Patient care standards for primary mitochondrial disease: a consensus statement from the Mitochondrial Medicine Society. - PubMed - NCBI
Genet Med. 2017 Jul 27. doi: 10.1038/gim.2017.107. [Epub ahead of print]
Patient care standards for primary mitochondrial disease: a consensus statement from the Mitochondrial Medicine Society.
Parikh S1,
Goldstein A2,
Karaa A3,
Koenig MK4,
Anselm I5,
Brunel-Guitton C6,
Christodoulou J7,
Cohen BH8,
Dimmock D9,
Enns GM10,
Falk MJ11,
Feigenbaum A12,13,
Frye RE14,
Ganesh J15,
Griesemer D16,
Haas R17,18,
Horvath R19,
Korson M20,
Kruer MC21,
Mancuso M22,
McCormack S23,
Raboisson MJ24,
Reimschisel T25,
Salvarinova R26,
Saneto RP27,
Scaglia F28,
Shoffner J29,
Stacpoole PW30,
Sue CM31,
Tarnopolsky M32,
Van Karnebeek C33,34,
Wolfe LA35,
Cunningham ZZ36,
Rahman S37,
Chinnery PF38.
Abstract
The purpose of this statement is to provide consensus-based recommendations for optimal management and care for patients with primary mitochondrial disease.
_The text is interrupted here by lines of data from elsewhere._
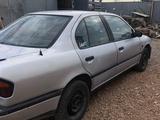 Nissan Primera 1990 года за 650 000 тг. в Балхаш – фото 4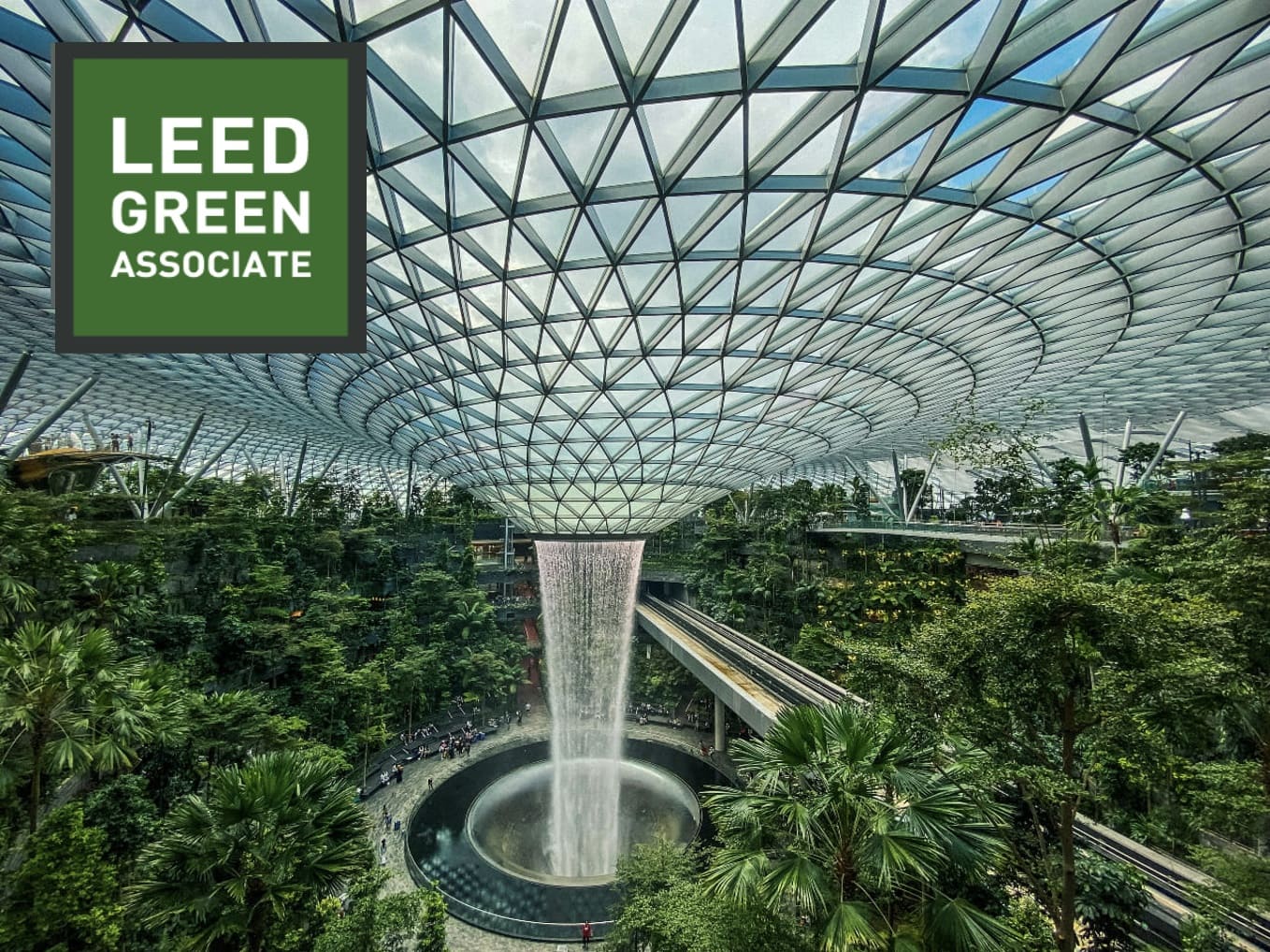 LEED Green Associate Overview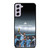 LIONEL MESSI IMPOSSIBLE IS NOTHING ADIDAS Samsung Galaxy S21 FE Case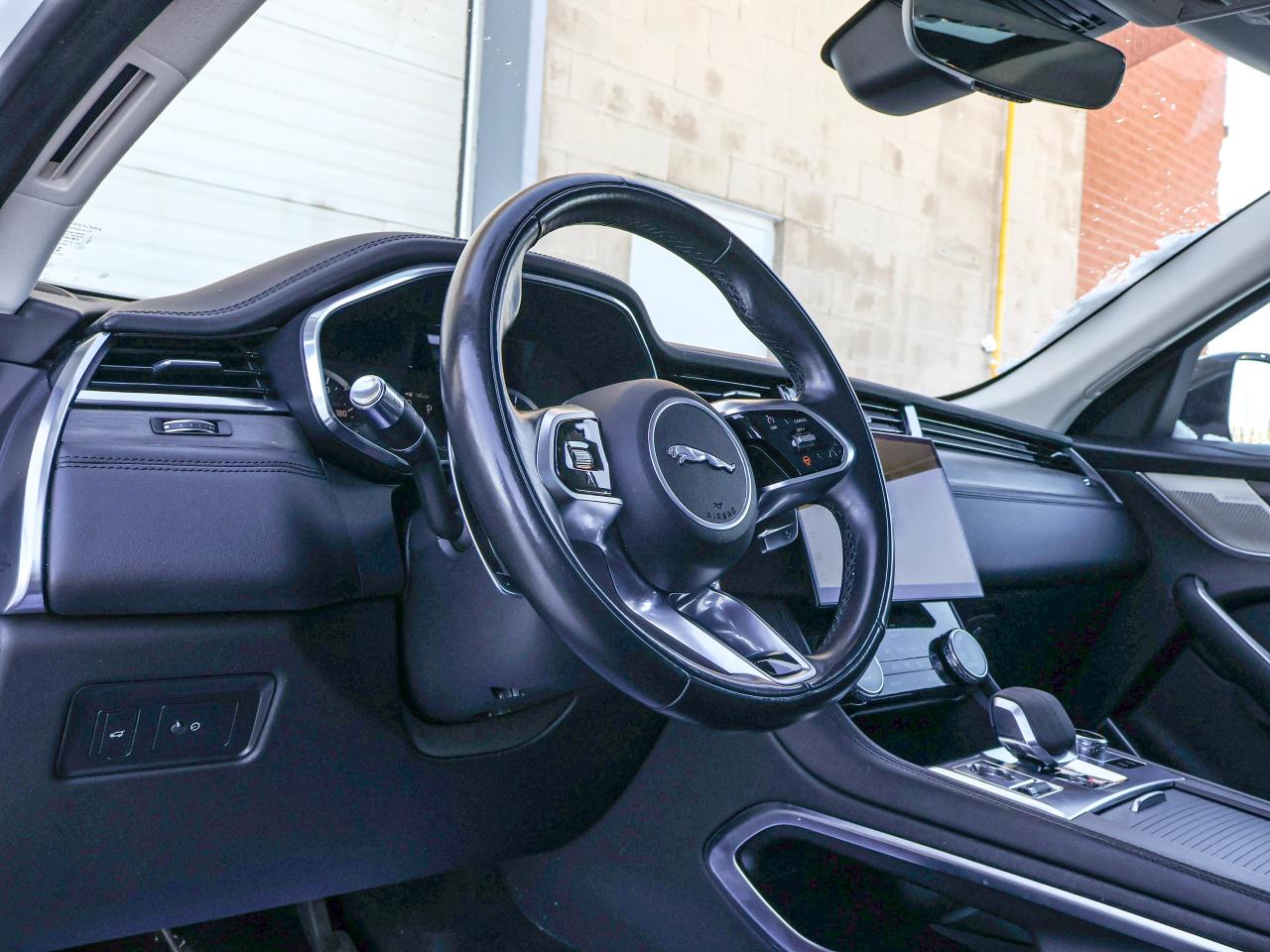 2021 Jaguar F-PACE P250 S Photo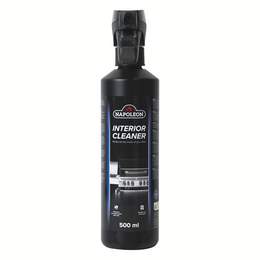 1312085 - Grillkammer-Reiniger Sprühflasche, 500ml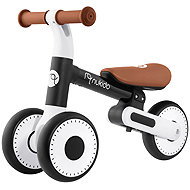 Nukido NK-603 Scooter, black and white - Balance Bike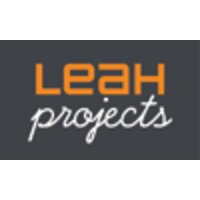 Leah Projects logo, Leah Projects contact details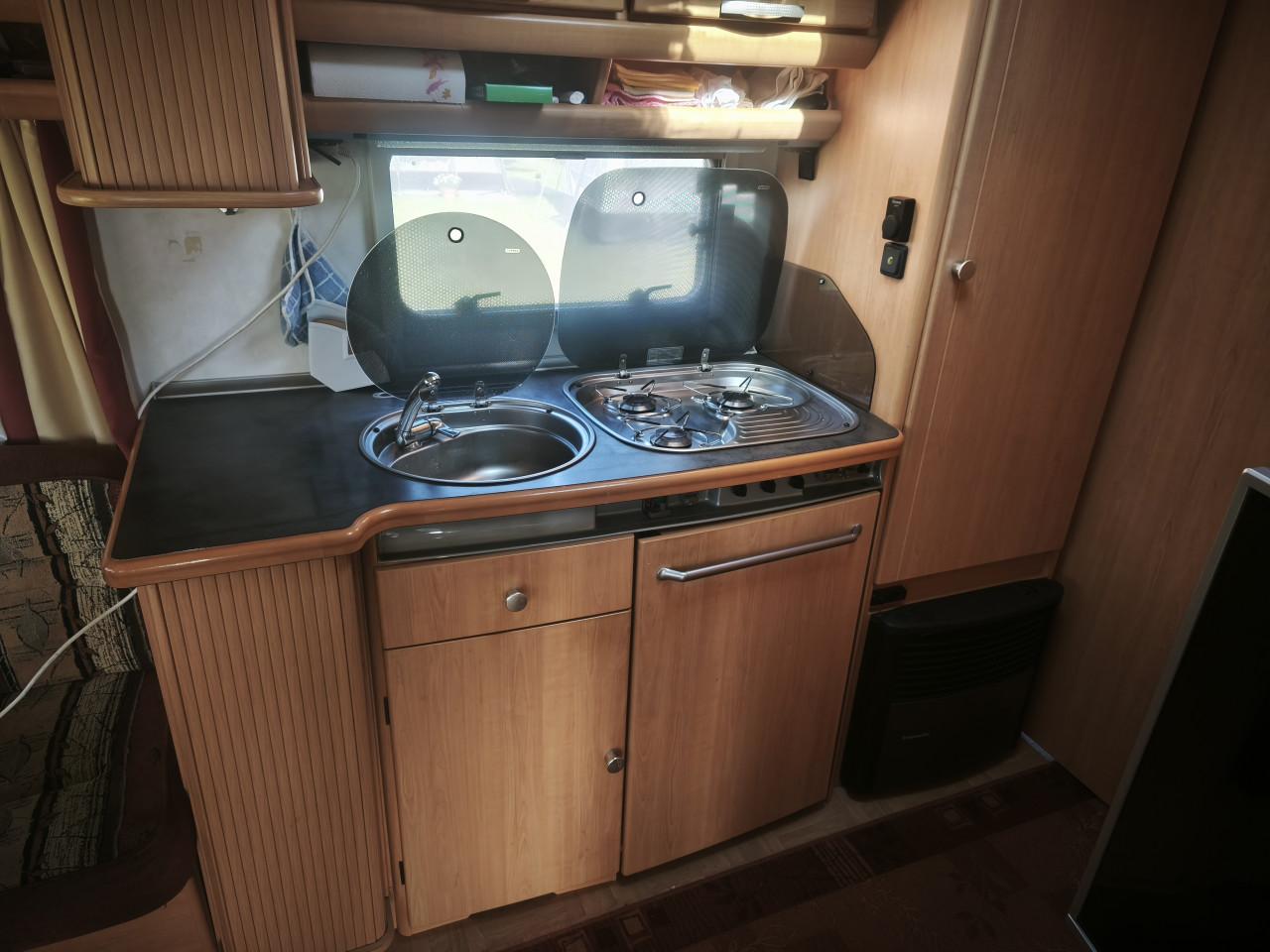 Lmc Munsterland type 555 K1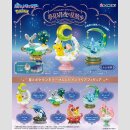 POKEMON Starrium Series Dreamy Moonlit Night TF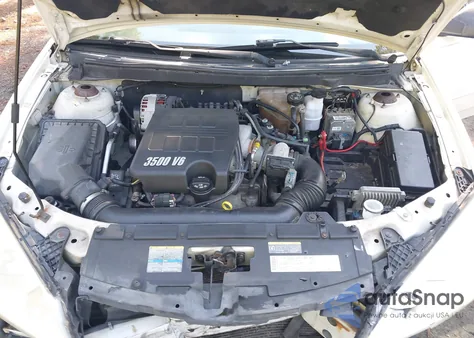 2006 Pontiac G6 Gt from USA, damaged, VIN 1G2ZH578864180620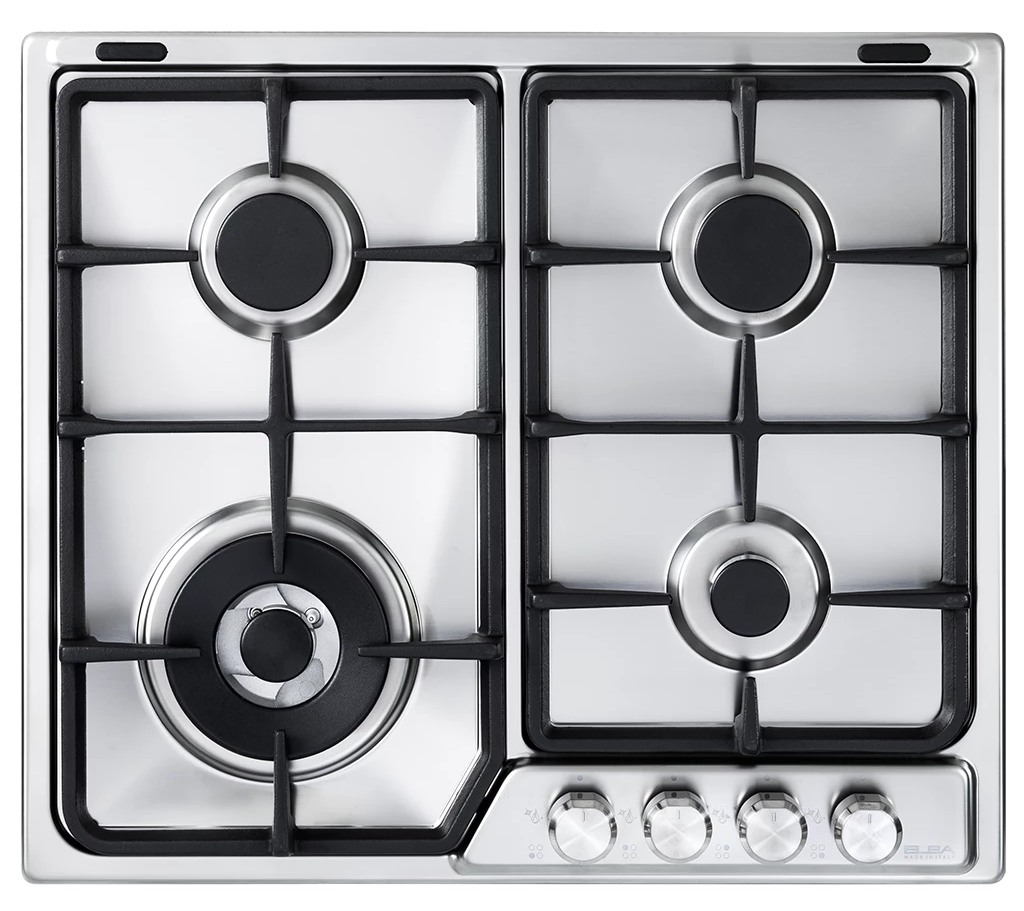 ELBA ALTERUM ENF65-445 XD Gas Hob 60 cm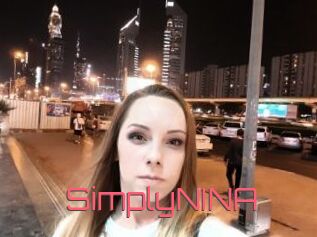 SimplyNINA
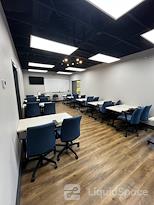 Garden Park Office HUB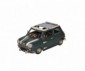 AUSTIN MINI 1960 VERTE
This statement is intended for physicians who are engaged in the diagnosis and management of these patients. Working group members were appointed by the Mitochondrial Medicine Society. The panel included members with several different areas of expertise. The panel members utilized surveys and the Delphi method to reach consensus. We anticipate that this statement will need to be updated as the field continues to evolve. Consensus-based recommendations are provided for the routine care and management of patients with primary genetic mitochondrial disease.GENETICS in MEDICINE advance online publication, 27 July 2017; doi:10.1038/gim.2017.107.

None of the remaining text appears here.